Filterautorisatie in Power BI

In dit artikel is gave nieuwe functionaliteit verwerkt die beschikbaar is vanaf Profit 7.

We werken momenteel hard aan de documentatie van dit onderdeel.

De filterautorisatie die je als beheerder al kent van Profit en InSite, kan nu ook worden ingezet in Power BI. Hiervoor zijn aparte BI-modellen beschikbaar.

Let op:

Dit onderdeel is een aanvulling op de standaardinrichting van Power BI-dashboards. Zorg dat je de standaardinrichting hebt uitgevoerd, voordat je aan het onderstaande verhaal begint.

Inhoud

Beschrijving

Als je filterautorisatie wilt toepassen in een dashboard, dan heb je twee BI-modellen nodig:

  • Het BI-model waarin de data staat die je in het dashboard wilt tonen. Je moet hiervoor een nieuw BI-model downloaden vanuit Profit 7.
  • Het autorisatiemodel, dit is een BI-model dat de filterautorisatie bevat. Bovendien bevat dit model ook standaard autorisatiegroepen voor Power BI. Hierdoor kun je Row-level security (RLS) toepassen in Power BI.
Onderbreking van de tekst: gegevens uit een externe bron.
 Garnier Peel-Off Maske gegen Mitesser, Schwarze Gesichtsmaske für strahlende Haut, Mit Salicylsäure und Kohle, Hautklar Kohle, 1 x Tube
We gebruiken aparte autorisatiemodellen, zodat je deze maar één keer hoeft te publiceren en klaar te zetten. Vervolgens kun je het filterautorisatie-model hergebruiken in andere BI-modellen.

Voorbeeld:

Je wilt filterautorisatie op medewerker toepassen in het BI-model Verzuim (Profit). Daarvoor maak je kopieën van de BI-modellen Verzuim (Profit) en Filterautorisatie medewerker geavanceerd (Profit). In Power BI moet je beide BI-modellen koppelen. Hierdoor zal de ingelogde BI-gebruiker alleen verzuimgegevens ziet waar hij rechten op heeft.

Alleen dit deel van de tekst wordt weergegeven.